In the new consortium, Sony and Samsung, along with Motorola , Sharp and Hitachi will develop an industry standard around technology from Amimon of Israel called WHDI, for Wireless Home Digital Interface.
The creation of a broad industry group makes it more likely that consumers will be able to buy WHDI-enabled devices from different manufacturers and have them all work together.
Chips that support WHDI are expected to reach stores next year, costing about $100 more than equivalent, non-wireless TVs.
Wireless streaming of high-definition video can be also done with the fastest versions of Wi-Fi, a technology already in many homes, but that requires compression or reduction of the data rate, with picture quality degrading as a result. There's also a delay in transmission as chips on both ends of the link work to compress, then decompress the image.
WHDI uses a radio band at 5GHZ that's used by some Wi-Fi devices. To get around the limitations of the limited bandwidth, WHDI chips apply a different type of video compression. The chip separates the "important" components of the video signal, the ones that really make a difference to the viewer, from the less important ones, like tiny variations in color over a small area. It then gives priority to the important parts, while putting less effort into getting the fine nuances to the receiver.
Wireless Home Digital Interface is considered as a stopgap technology until the higher-picture-quality WirelessHD takes over. WirelessHD, which is also supported by Samsung, Sony, Intel and others, defines a wireless video area network (WVAN) for the connection of consumer electronic (CE) audio and video devices. A key attribute of the WirelessHD system is its ability to support the wireless transport of an uncompressed 1080p A/V stream with a high quality of service (QoS) within a room at distances of 10m.
Streaming HD content at distances of 10 requires
a high data throughput (greater than 3 Gb/s) and a large allocated frequency spectrum. A large amount spectrum is available on an unlicensed basis in many countries in the 60 GHz band. In addition, the transmit power (the combination of transmitter power and antenna gain) should be greater than 10 W of effective isotropic radiated power (EIRP).

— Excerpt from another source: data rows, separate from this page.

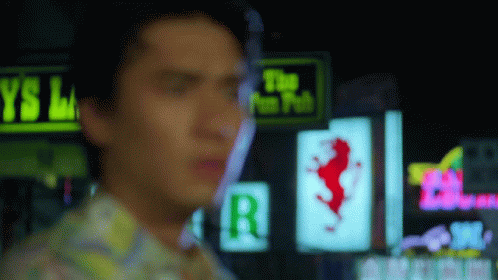 A Blurry Picture Of A Man Standing In Front Of A Neon Sign That Says The Fun Pub GIF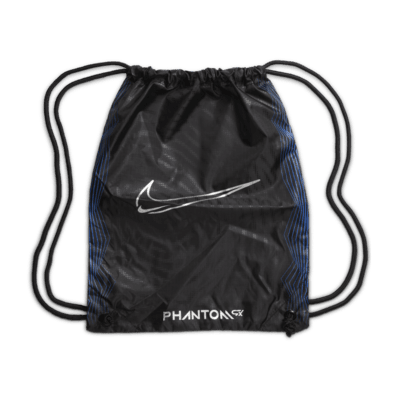 Tacos de fútbol de corte low para terreno firme Nike Phantom GX Elite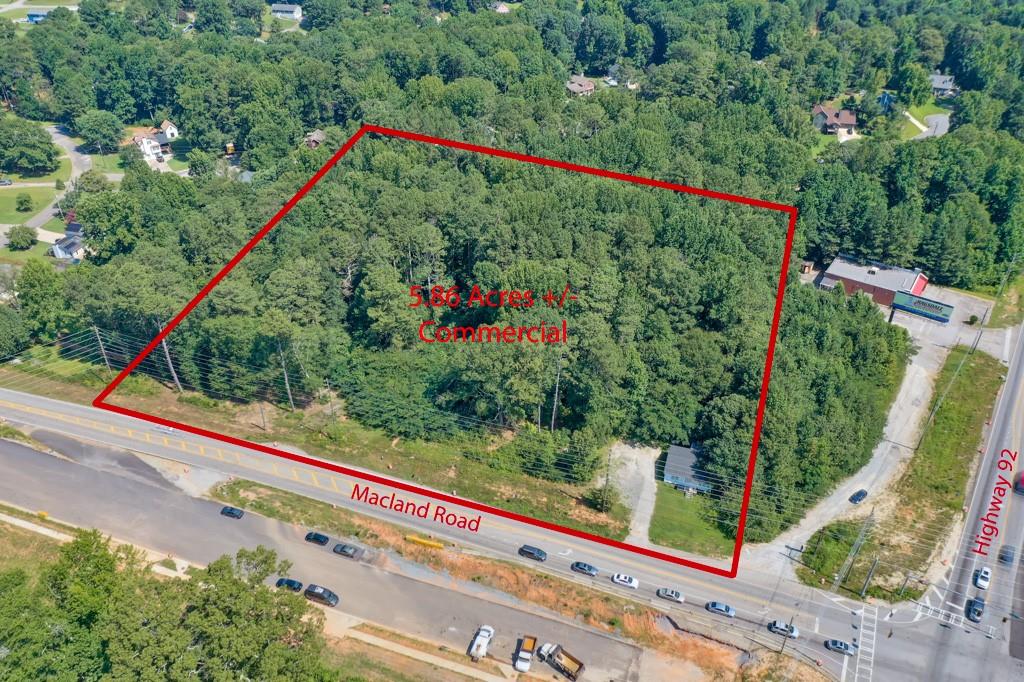 Property is near major intersection in one of the fastest growing counties. Excellent road frontage. 5.86 +- Zoned B1, Great location for medical/office building, small grocery store/fuel, auto service, so many options. Scheduled to be 4 lane that goes to Douglasville, Macland Road goes to I75 near Truist Park. Close to Paulding/Cobb Line, Hospital. Approximately 3.5 +- miles to Starbucks and Publix Great Opportunity!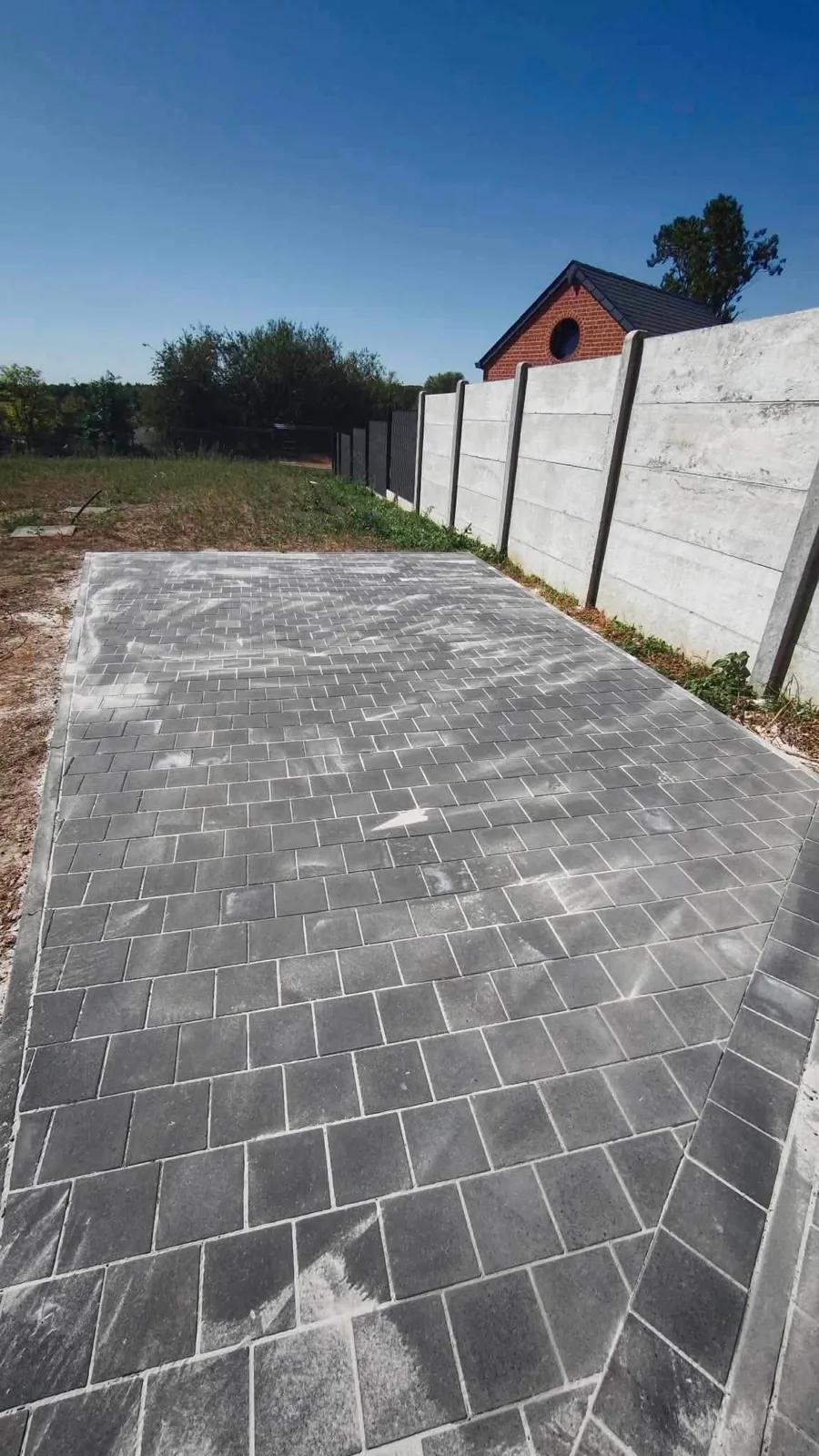 Allée pavée le long d'un mur en béton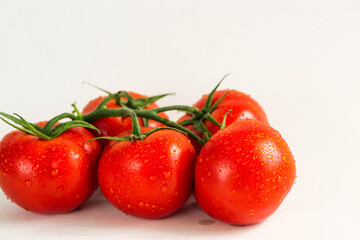 Red fresh tomatoes isolated on white background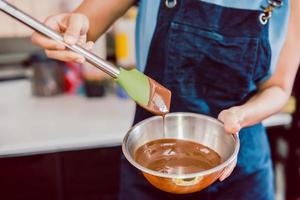 mujer mezclando suave y delicioso ganache de chocolate oscuro con batidor en un tazón de plata. foto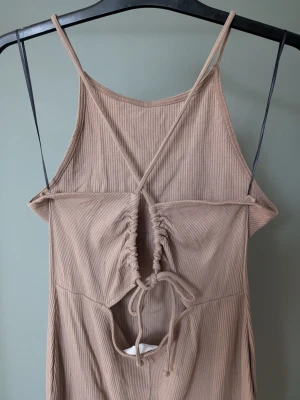 Beige ribbad kort klänning med snörning - Säljer en beige ribbad kortklänning med tunna axelband och snygg snörningsdetalj framtill. Klänningen har en cut-out under bysten och är tillverkad i mjukt, stretchigt material. Perfekt för varma dagar och enkel att styla med sneakers eller sandaler.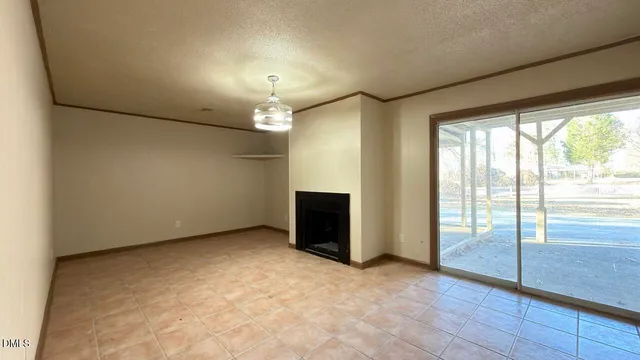 a view of an empty room with a fireplace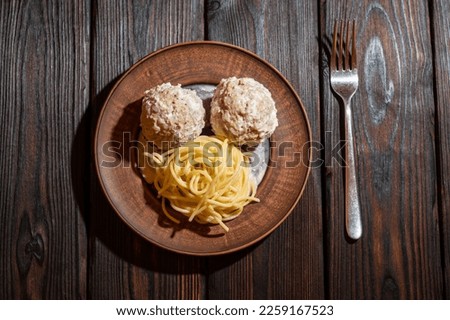 Spaghetti on a plate with two large meatballs. Background picture.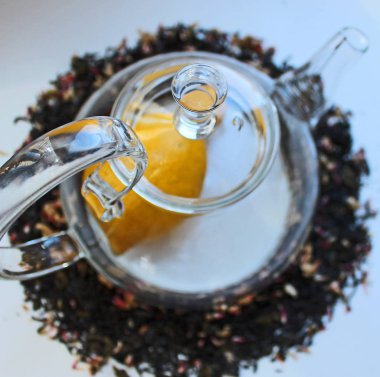 Beyaz bir masa üzerinde Cam şeffaf çaydanlık ve katkı maddeleri ile siyah çay etrafında dağınık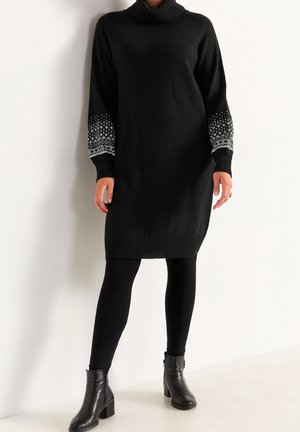 Kvinde iført en sort strikket kjole med hvide mønstrede manchetter, sorte leggings og sorte ankelstøvler, der står op ad en hvid væg.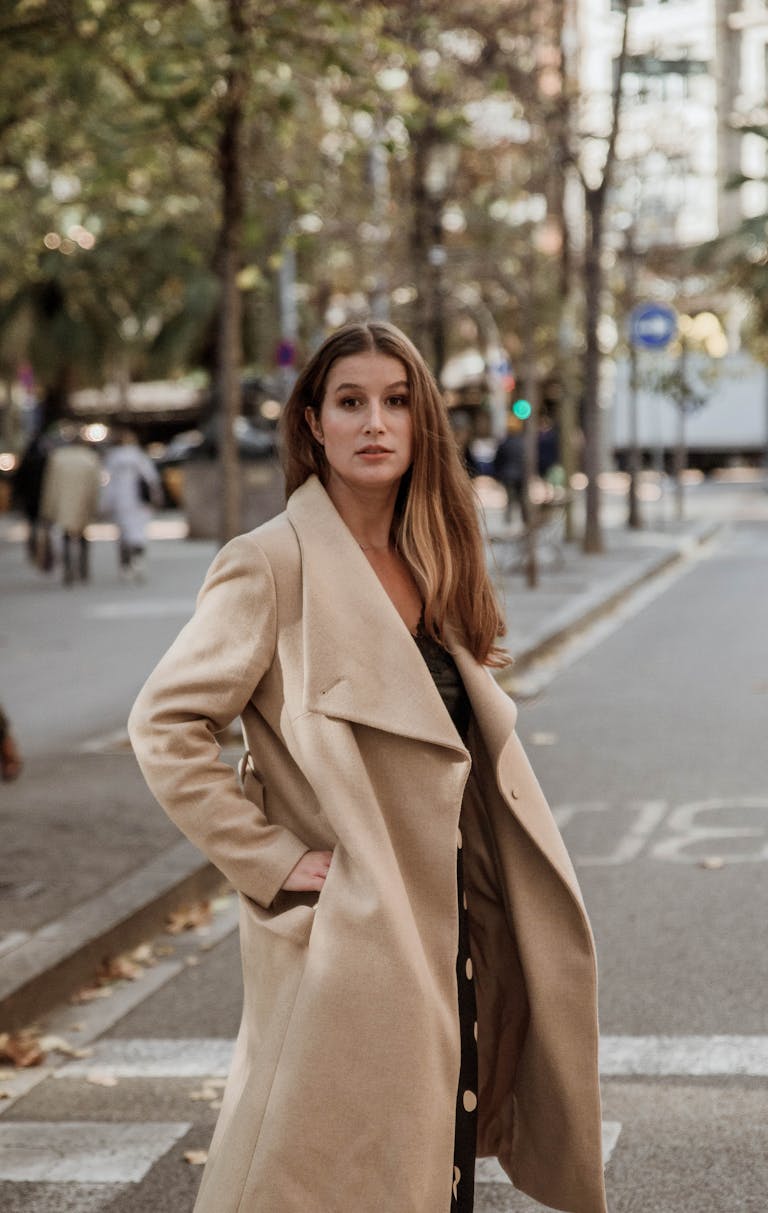 A stylish woman poses confidently in a beige trench coat on a city street.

The WirelessHD specification defines a wireless protocol that enables directional connections that adapt very rapidly to changes in the environment. This is accomplished by dynamically steering the antenna beam at the transmitter while at the same time focusing the receiver antenna in the direction of the incoming power from the transmitter. This dynamic beam forming and beam steering utilizes not only the direct path, but allows the use of reflections and other indirect paths when the line-of-sight connection is lost.
Still another contending wireless technology is ultra-wideband, or UWB. It requires less compression than Wi-Fi, but its range is more limited, generally to in-room networking. The technology is backed by WiMedia Alliance and it is an ISO-published radio standard for high-speed ultra-wideband (UWB) wireless connectivity. The first implementations of WiMedia UWB serve as the foundation for Wireless USB.
Wireless video technologies have been talked up for years, but haven't lived up to their promises so far. Still, WHDI's range should give it an edge, since it allows the technology to do more than just replace a cable in the entertainment center.